[Scraped caption text data]
——————

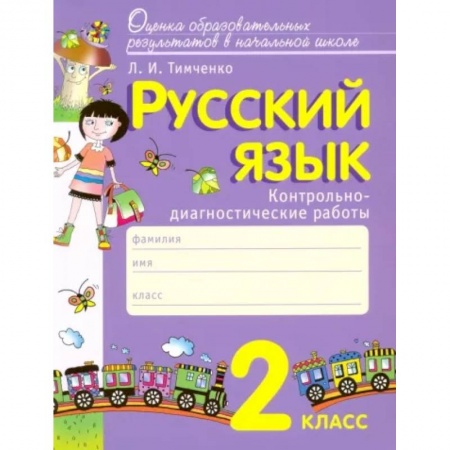 Русский язык. Учебные пособия, книга Русский язык. 2 класс. Контрольно-диагностические работы. ФГОС купить по низкой цене
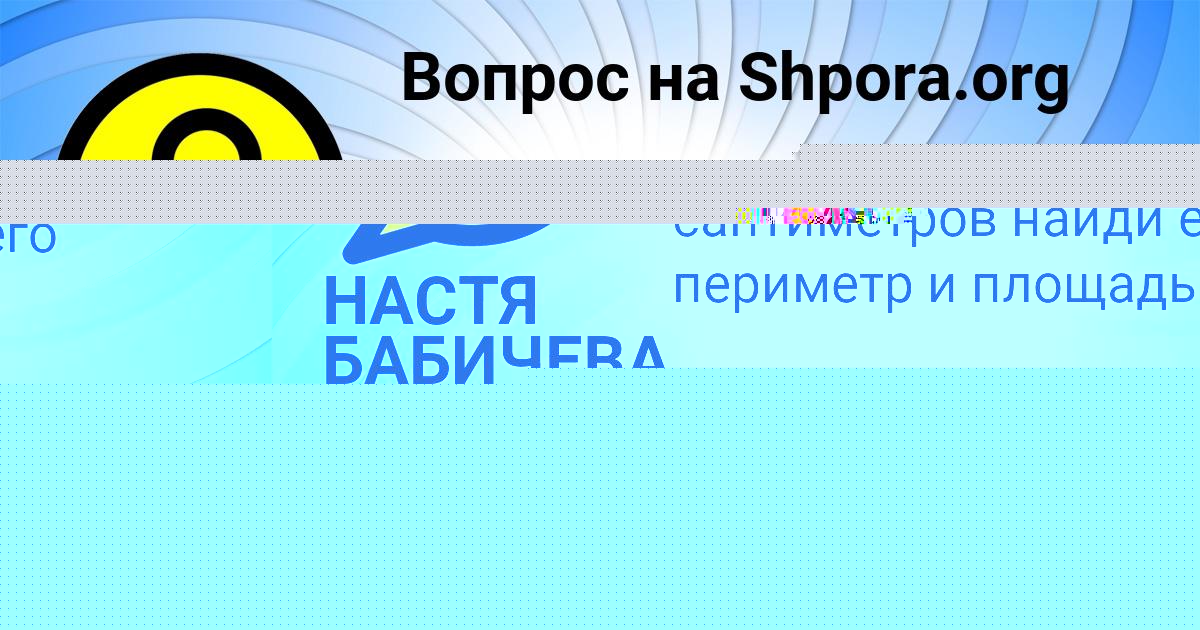 Картинка с текстом вопроса от пользователя НАСТЯ БАБИЧЕВА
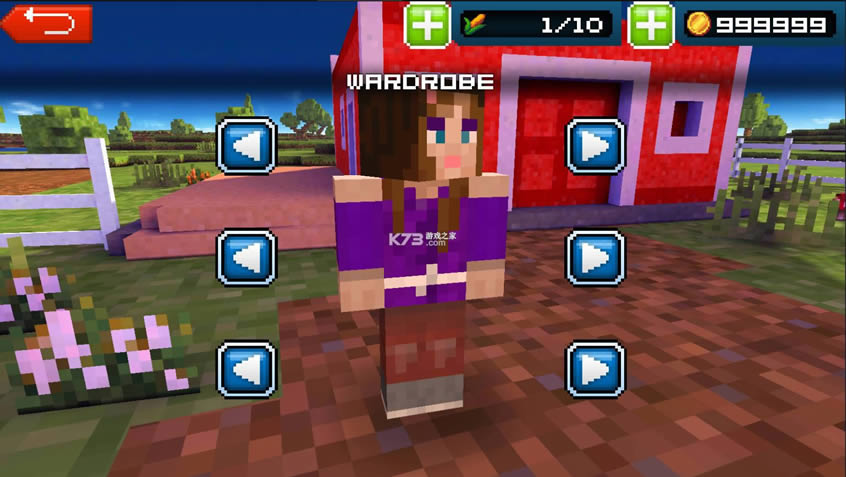 ���ع�· v1.3.7 ���°� ��ͼ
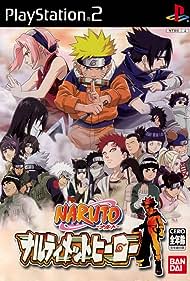 Naruto: Ultimate Ninja (2003) cobrir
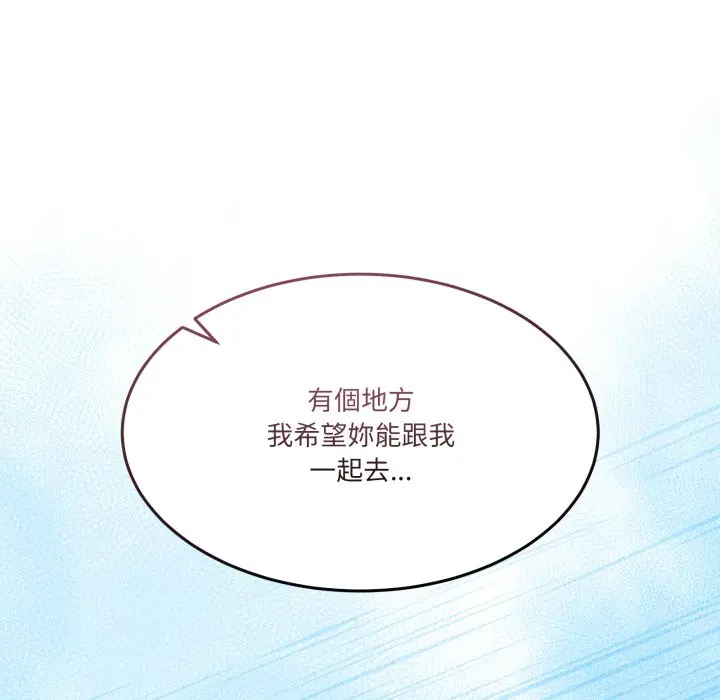 第 42 话_男人止步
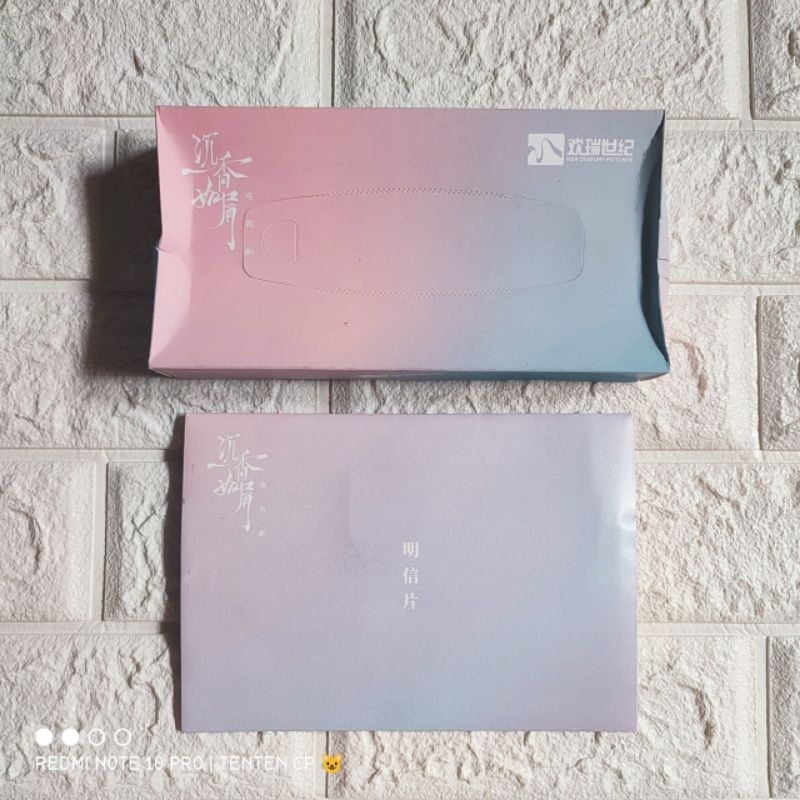 Pelunasan merch immortal samsara Nurul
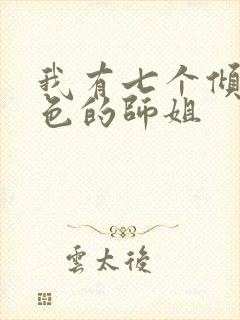 我有七个倾城绝色的师姐
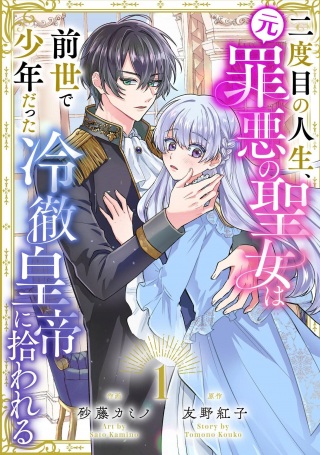二度目の人生、(元)罪悪の聖女は前世で少年だった冷徹皇帝に拾われる Raw Free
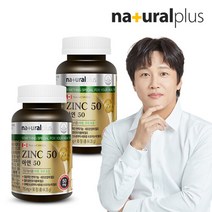 내츄럴플러스 아연 50 90정 2병(6개월분) / 구리보충, 단품, 단품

——————

→ **WHAT TO DO**
Set the preceding data down again word for word, omitting images.

→ **ANSWER TO THIS EXERCISE**
 Русский язык. Учебные пособия, книга Русский язык. 2 класс. Контрольно-диагностические работы. ФГОС купить по низкой цене
 Картинка с текстом вопроса от пользователя НАСТЯ БАБИЧЕВА
 ���ع�· v1.3.7 ���°� ��ͼ
 Naruto: Ultimate Ninja (2003) cobrir
 第 42 话_男人止步
 Pelunasan merch immortal samsara Nurul
 我有七个倾城绝色的师姐
二度目の人生、(元)罪悪の聖女は前世で少年だった冷徹皇帝に拾われる Raw Free
 내츄럴플러스 아연 50 90정 2병(6개월분) / 구리보충, 단품, 단품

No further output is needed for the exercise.